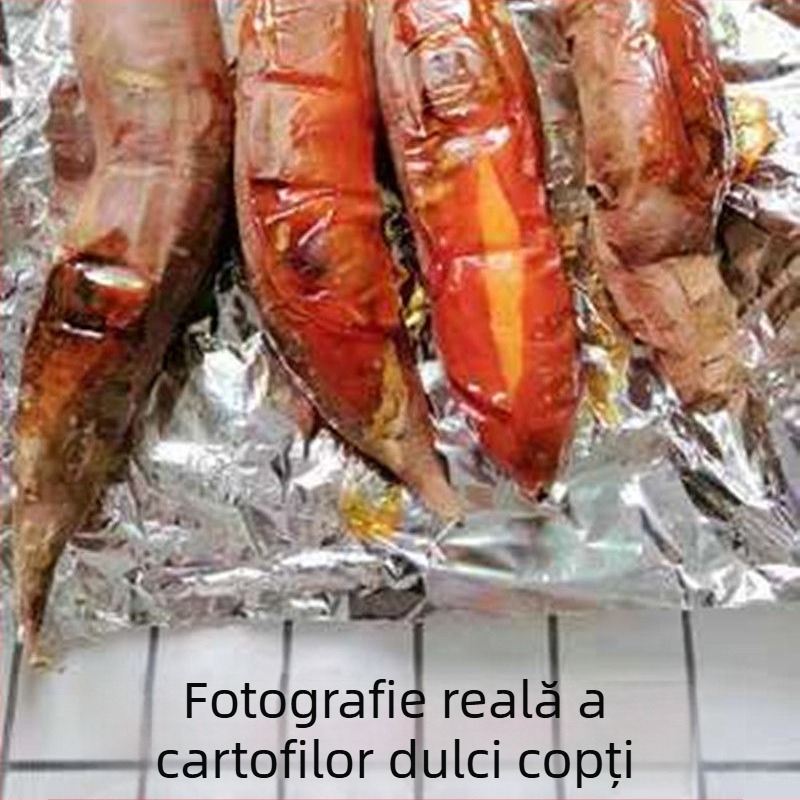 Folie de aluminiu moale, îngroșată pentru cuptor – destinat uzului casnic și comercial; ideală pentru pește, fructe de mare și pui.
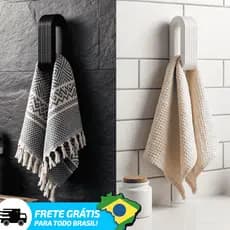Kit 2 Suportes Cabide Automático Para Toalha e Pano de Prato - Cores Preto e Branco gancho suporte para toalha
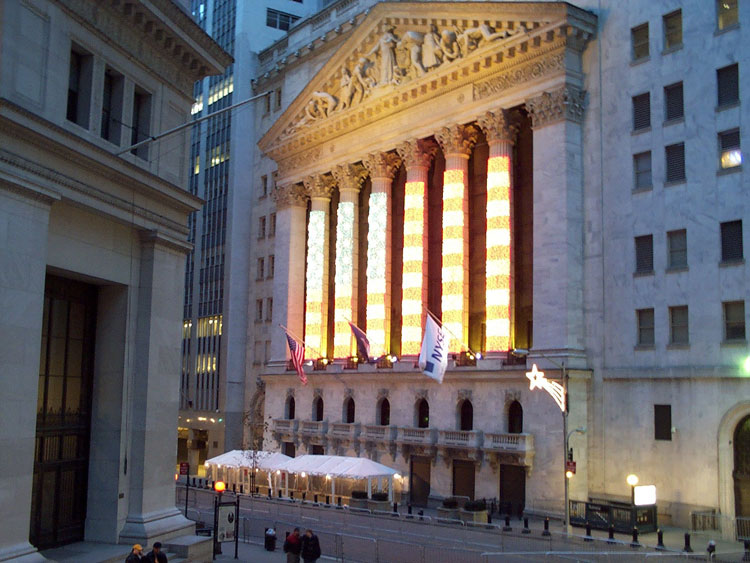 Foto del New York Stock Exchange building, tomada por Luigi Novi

...

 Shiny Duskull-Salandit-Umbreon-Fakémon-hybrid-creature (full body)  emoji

## Exercise instructions
In the listing above, find the line with "Kit 2 Suportes" and the line with "Foto del New". Copy exactly those lines and all between them, minus the images.

## Task result
Kit 2 Suportes Cabide Automático Para Toalha e Pano de Prato - Cores Preto e Branco gancho suporte para toalha
 Foto del New York Stock Exchange building, tomada por Luigi Novi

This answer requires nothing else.